• Task brief:
When you find the line with "Camiseta Regata Dri-FIT" among the records below, reproduce it and each line after it exactly, ending with the line with "listo para entrar!".

• Supplied material:
┄┄┄┄┄┄┄┄┄┄
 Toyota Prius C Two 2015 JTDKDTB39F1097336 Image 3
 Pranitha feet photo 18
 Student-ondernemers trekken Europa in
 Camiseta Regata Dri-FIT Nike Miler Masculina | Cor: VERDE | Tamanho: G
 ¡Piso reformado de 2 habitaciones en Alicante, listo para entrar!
┄┄┄┄┄┄┄┄┄┄
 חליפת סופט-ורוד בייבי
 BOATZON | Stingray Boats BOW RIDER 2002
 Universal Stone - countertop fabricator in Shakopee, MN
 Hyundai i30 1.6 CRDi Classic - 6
┄┄┄┄┄┄┄┄┄┄
• Expected answer:
 Camiseta Regata Dri-FIT Nike Miler Masculina | Cor: VERDE | Tamanho: G
 ¡Piso reformado de 2 habitaciones en Alicante, listo para entrar!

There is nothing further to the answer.